Du 1 au 4 mars 2019, LeherpeurParis et Première Classe, le salon international de l’accessoire et du prêt-à-porter, ont collaboré ensemble afin de mettre à l’honneur, au coeur d’imaginaires créatifs, les créations des designers présents sur le salon et les signes influents de la fashion week automne-hiver 20 (silhouettes clés, expositions, évènements).

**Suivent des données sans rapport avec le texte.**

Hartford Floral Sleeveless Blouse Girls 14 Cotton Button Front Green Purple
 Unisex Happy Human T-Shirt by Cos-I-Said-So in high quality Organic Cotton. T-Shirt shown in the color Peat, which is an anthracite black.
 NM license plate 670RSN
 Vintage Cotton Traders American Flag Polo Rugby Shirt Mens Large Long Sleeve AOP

Ces imaginaires créatifs sont à retrouver sous la forme de stories digitales sur l’instagram de @premiereclasse. Vous y trouverez l’ensemble des informations concernant les produits des marques shootés.

Dystopic fiction

Cette première histoire invite à rentrer dans la matrice. Les profondeurs du deep web et les effets optiques distordent l’espace temps, la vision s’altère, les bleus et les verts néons électrisent les noirs & blancs et le futur se pixellise. Une fiction dystopique (*caractérise une société imaginaire organisée de telle façon qu’elle empêche ses membres d’atteindre le bonheur) où l’optic art de Vassarelly fait corps avec les distorsions visuelles du langage html et des systèmes numériques.

 

Excess legacy

« Trop n’est jamais assez » s’avère être la devise de la seconde histoire.  En réponse au climat morose et au minimalisme, les instincts créatifs plongent dans l’ostentation. Des jeux d’accumulations surréalistes se fondent aux « kitscheries » opulentes et les codes trop lissés sont chahutés par des coloris flash (du jaune poussin au rose fuchsia).

  

Neo japonism

La dernière histoire s’inspire de la philosophie japonaise du Wabisabi* (*traduit au Japon par l’alliance de la simplicité, la nature, le silence, la dissymétrie (Wabi) et la beauté de l’usure naturelle (Sabi)), philosophie apaisante qui fait l’éloge de la lenteur et  teinte le quotidien d’une touche de douceur. L’altération du quotidien devient poétique et la désuétude des choses rime, désormais, avec beauté et sensibilité. Une histoire où les pastels colorent des formes imparfaites, où les reliefs et les asymétries dessinent de nouvelles harmonies.